> _WORK INSTRUCTIONS_
The response must be made up of the lines in the entries below that contain "Best".
#### DATA SUPPLIED ####
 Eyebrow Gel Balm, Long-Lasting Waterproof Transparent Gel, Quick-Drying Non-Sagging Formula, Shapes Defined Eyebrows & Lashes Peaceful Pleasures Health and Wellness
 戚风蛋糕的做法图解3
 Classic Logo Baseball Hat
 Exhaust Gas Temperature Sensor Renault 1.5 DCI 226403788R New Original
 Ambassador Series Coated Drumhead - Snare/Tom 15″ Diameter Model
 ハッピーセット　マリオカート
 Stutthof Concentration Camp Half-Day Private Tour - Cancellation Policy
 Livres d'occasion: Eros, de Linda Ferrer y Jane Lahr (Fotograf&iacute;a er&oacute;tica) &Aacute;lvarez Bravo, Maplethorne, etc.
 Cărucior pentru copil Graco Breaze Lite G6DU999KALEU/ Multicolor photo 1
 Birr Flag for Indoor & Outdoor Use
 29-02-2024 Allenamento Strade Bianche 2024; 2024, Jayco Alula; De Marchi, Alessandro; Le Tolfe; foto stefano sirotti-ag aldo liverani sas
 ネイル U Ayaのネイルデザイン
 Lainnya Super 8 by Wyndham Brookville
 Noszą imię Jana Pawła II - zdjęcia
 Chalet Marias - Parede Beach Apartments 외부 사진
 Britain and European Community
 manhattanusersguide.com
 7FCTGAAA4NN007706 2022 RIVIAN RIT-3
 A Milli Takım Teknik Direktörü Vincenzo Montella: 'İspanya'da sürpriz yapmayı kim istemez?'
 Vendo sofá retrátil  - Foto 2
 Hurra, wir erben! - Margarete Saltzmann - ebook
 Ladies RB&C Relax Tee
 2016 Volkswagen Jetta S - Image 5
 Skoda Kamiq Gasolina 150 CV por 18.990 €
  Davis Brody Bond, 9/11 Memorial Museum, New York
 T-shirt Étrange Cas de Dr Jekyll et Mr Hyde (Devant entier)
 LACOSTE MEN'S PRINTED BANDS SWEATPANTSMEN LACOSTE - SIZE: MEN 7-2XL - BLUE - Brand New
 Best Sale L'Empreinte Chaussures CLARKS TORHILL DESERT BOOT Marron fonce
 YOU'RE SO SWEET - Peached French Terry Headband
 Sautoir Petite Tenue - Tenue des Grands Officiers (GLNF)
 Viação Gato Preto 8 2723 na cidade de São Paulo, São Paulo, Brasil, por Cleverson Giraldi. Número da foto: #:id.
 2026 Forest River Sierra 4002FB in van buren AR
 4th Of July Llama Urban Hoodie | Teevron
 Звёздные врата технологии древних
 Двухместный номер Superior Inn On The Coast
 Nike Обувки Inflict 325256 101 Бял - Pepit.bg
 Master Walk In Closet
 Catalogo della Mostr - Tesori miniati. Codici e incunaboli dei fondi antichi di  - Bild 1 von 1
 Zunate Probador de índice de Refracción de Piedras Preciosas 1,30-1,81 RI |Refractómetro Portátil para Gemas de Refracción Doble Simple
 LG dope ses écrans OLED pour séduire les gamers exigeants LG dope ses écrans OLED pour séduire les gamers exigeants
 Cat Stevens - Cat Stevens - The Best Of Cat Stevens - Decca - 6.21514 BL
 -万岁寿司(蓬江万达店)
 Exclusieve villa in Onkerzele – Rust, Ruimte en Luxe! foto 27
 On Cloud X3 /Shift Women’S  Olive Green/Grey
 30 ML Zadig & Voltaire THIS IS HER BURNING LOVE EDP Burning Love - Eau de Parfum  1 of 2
####
> _ANSWER AREA_
 Best Sale L'Empreinte Chaussures CLARKS TORHILL DESERT BOOT Marron fonce
 Cat Stevens - Cat Stevens - The Best Of Cat Stevens - Decca - 6.21514 BL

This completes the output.